Put an end to Khap panchayats

Put an end to Khap panchayats

The Supreme Court has observed many times in the past that Khaps, which are traditional councils of elders who rule the roost in villages in many states in North India, have no right and power to interfere with the decisions of individuals concerning any aspect of their lives. The court has underlined the specific right of consenting adults to enter into marital relations of their choice and said that in the case of such a marriage, "no khap, individual or society can question them".

 The court made its remarks during the hearings on a petition filed by an NGO which wants Khaps to be reined in. Disposing of the petition, the court has gone beyond strictures and assertions of individuals' rights and called for a suitable legislation to be enacted by Parliament to stop the activities of Khap panchayats "in entirety". The court has also prescribed a number of steps, like the use of Section 144 of the CrPC to prevent the Khaps from assembling, and preventive and remedial measures to protect vulnerable couples and to prevent 'honour killings'.  

The court's continued preoccupation with the threat posed by the Khaps and the detailed enunciation of steps to deal with them show how entrenched they are in the social life of people in these states. The court had actually declared Khap panchayats illegal in 2011, but they have continued to operate with a claim of legitimacy derived from tradition and support from many leaders of society, including politicians and political parties. Politicians defer to Khaps and keep them in good humour because they command large vote banks. This is what emboldened some Khap leaders to tell the Supreme Court "not to interfere in our traditional matters" after the court made some observations in February this year.  
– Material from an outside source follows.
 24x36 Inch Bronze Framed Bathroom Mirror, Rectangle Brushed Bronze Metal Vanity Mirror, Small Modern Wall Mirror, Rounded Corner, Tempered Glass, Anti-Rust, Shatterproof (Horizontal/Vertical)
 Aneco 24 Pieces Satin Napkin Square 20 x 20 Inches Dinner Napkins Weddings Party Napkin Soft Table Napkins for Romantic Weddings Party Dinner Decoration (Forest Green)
It is for Parliament to frame a legislation specifically aimed at Khap panchayats, as the court has proposed, and for the governments, both at the Centre and in states, to ensure that these retrograde bodies do not function at all.

Unfortunately, there is an environment in the country in which regressive notions are gaining strength and the space for the individual is shrinking. Khap panchayats are institutions of a deeply patriarchal society and flaunt its mindset, steeped in caste prejudices and clan loyalties. Their ideas and practices are completely at odds with the values and ideals of the Constitution. They have always sought to defy the courts and other agencies which tried to control them.

The Supreme Court ruling provides a test for Parliament and the governments, and they must ensure that no individual or family suffers in the future from the illegal actions of these bodies.